ENVIRONMENTAL PROTECTION AGENCY

40 CFR Part 52

[CA 279-0401a; FRL-7526-4]

Revisions to the California State Implementation Plan; Sacramento Metropolitan Air Quality Management District

AGENCY: Environmental Protection Agency (EPA).

ACTION: Direct final rule.

SUMMARY: EPA is taking direct final action to approve revisions to the Sacramento Metropolitan Air Quality Management District's portion of the California State Implementation Plan. These revisions concern a local fee rule that applies to major sources of volatile organic compound and nitrogen oxide emissions within the Sacramento Metropolitan ozone nonattainment area. We are approving a local rule that regulates these emission sources under the Clean Air Act as amended in 1990.

DATES: This rule is effective on October 27, 2003 without further notice, unless EPA receives adverse comments by September 25, 2003. If we receive such comment, we will publish a timely withdrawal in the Federal Register to notify the public that this rule will not take effect.

ADDRESSES: Mail comments to Andrew Steckel, Rulemaking Office Chief (AIR-4), U.S. Environmental Protection Agency, Region IX, 75 Hawthorne Street, San Francisco, CA 94105.

You can inspect copies of the submitted State Implementation Plan revisions and EPA's technical support document at our Region IX office during normal business hours.
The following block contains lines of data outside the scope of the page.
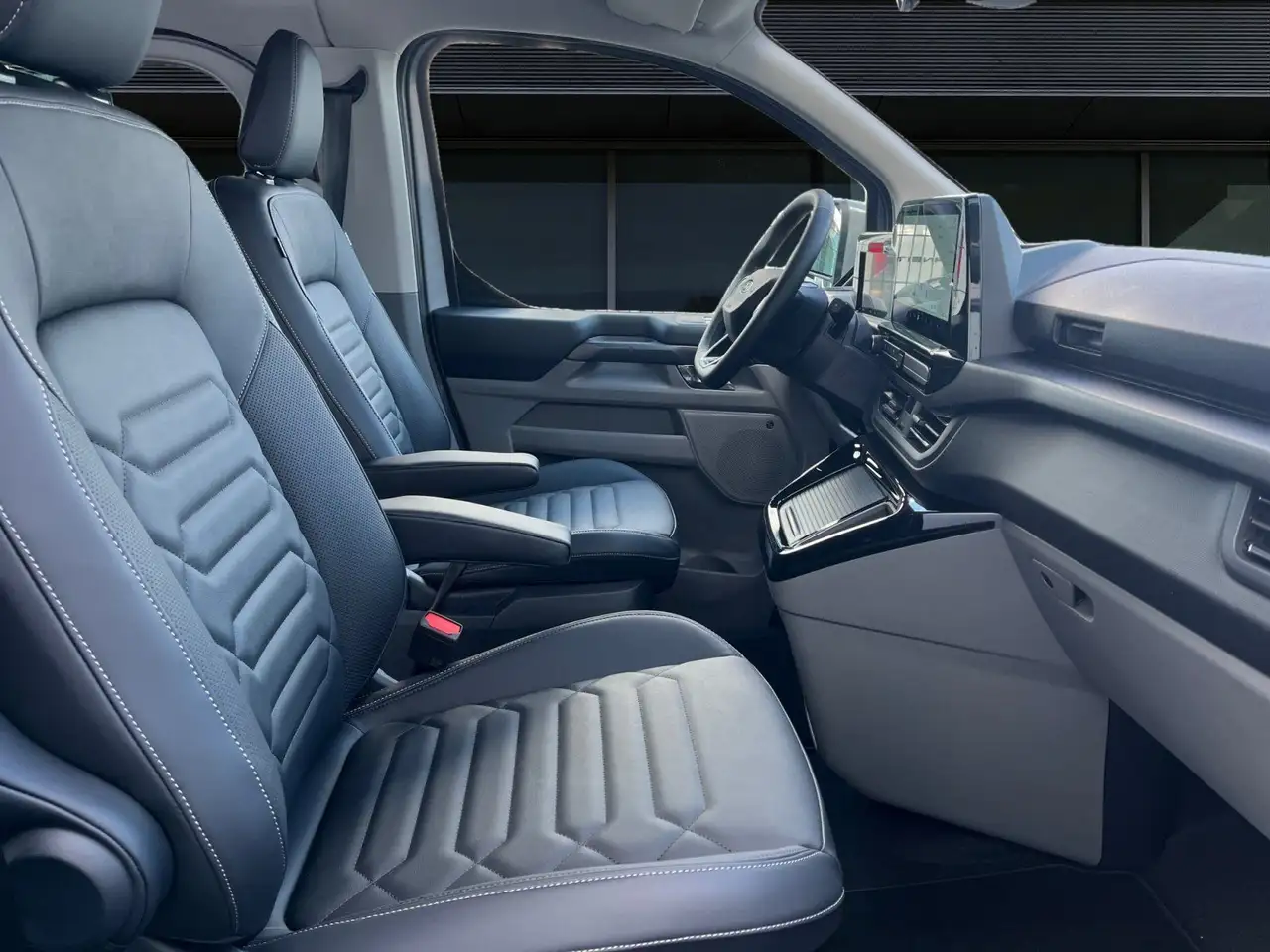 Ford Tourneo 12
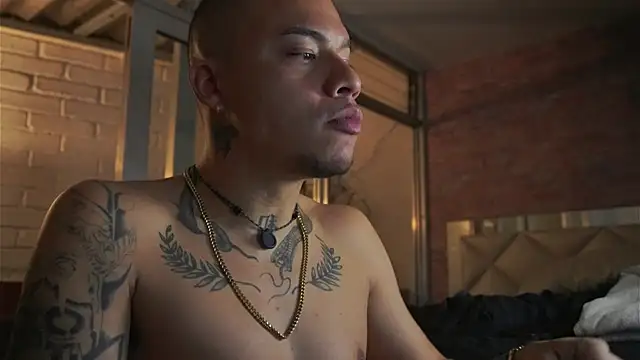 AlphaMasterXxx online show from 10, 5, 2026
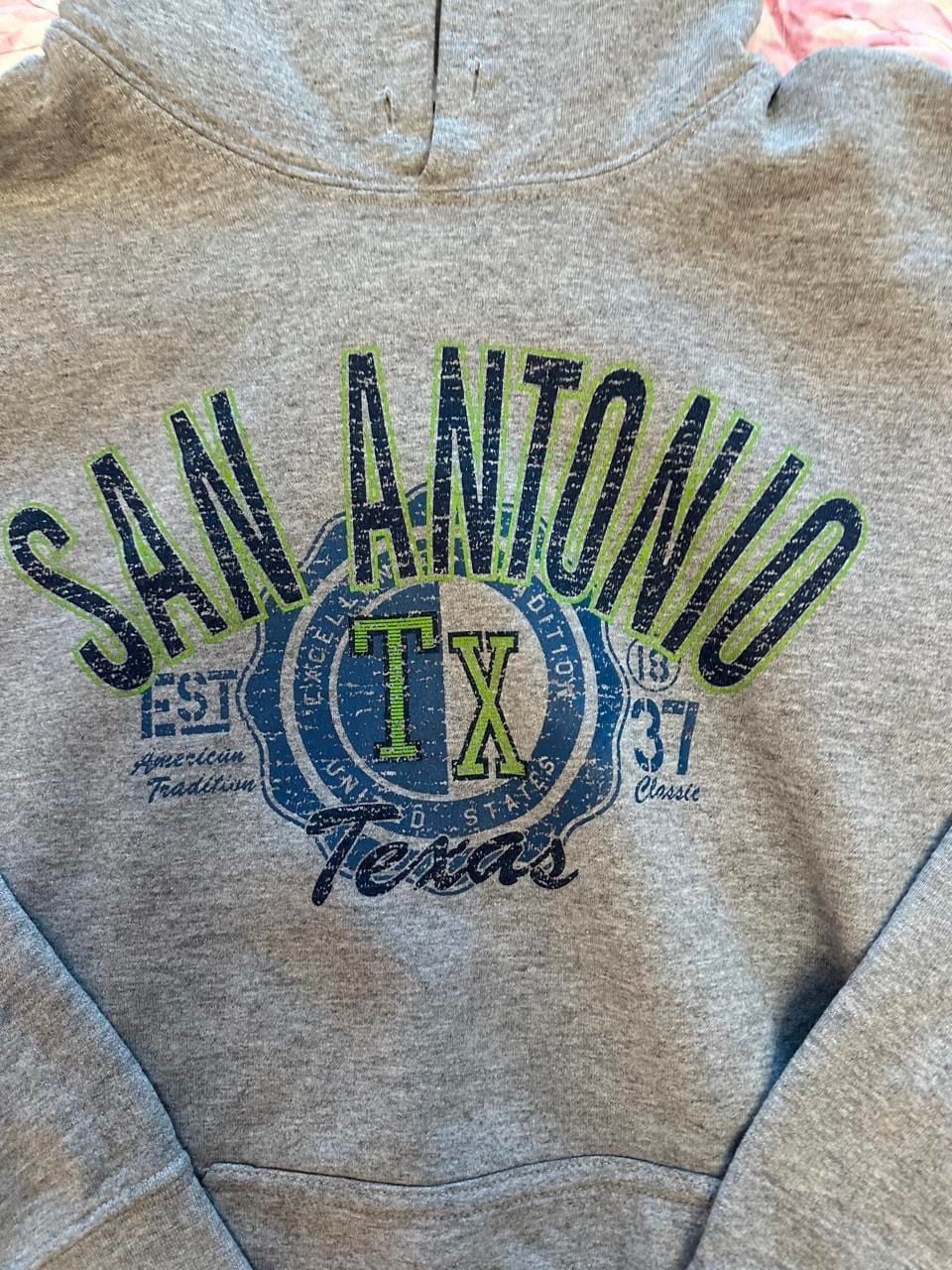 Gildan San Antonio Texas Hoodie Size Medium Gray Heavy Blend 3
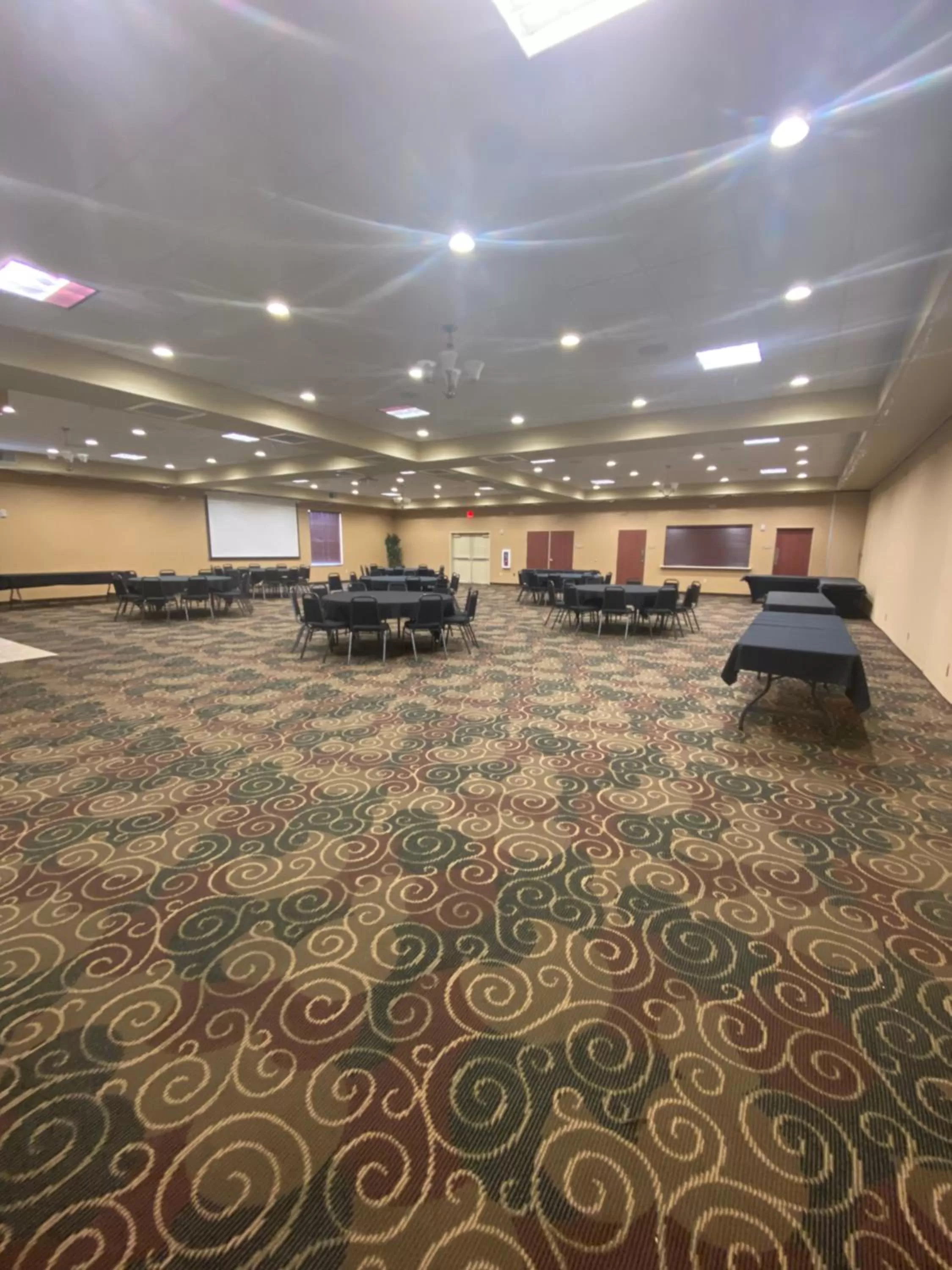 Meeting/conference room in Cobblestone Hotel & Suites - Broken Bow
You may also see copies of the submitted revisions at the following locations:

Air and Radiation Docket and Information Center, U.S. Environmental Protection Agency, Room B-102, 1301 Constitution Avenue NW., (Mail Code 6102T), Washington, DC 20460. California Air Resources Board, Stationary Source Division, Rule Evaluation Section, 1001 ``I'' Street, Sacramento, CA 95814.

Sacramento Metropolitan Air Quality Management District, 777 12th Street, Third Floor, Sacramento, CA 95814.

A copy of the rule may also be available via the Internet at http://www.arb.ca.gov/drdb/drdbltxt.htm. Please be advised that this is not an EPA Web site and may not contain the same version of the rule that was submitted to EPA.

FOR FURTHER INFORMATION CONTACT: Mae Wang, EPA Region IX, (415) 947- 4124.

SUPPLEMENTARY INFORMATION: Throughout this document, ``we,'' ``us'' and ``our'' refer to EPA.

Table of Contents

  1. The State's Submittal

    1. What rule did the State submit?

    2. What is the purpose of the submitted rule?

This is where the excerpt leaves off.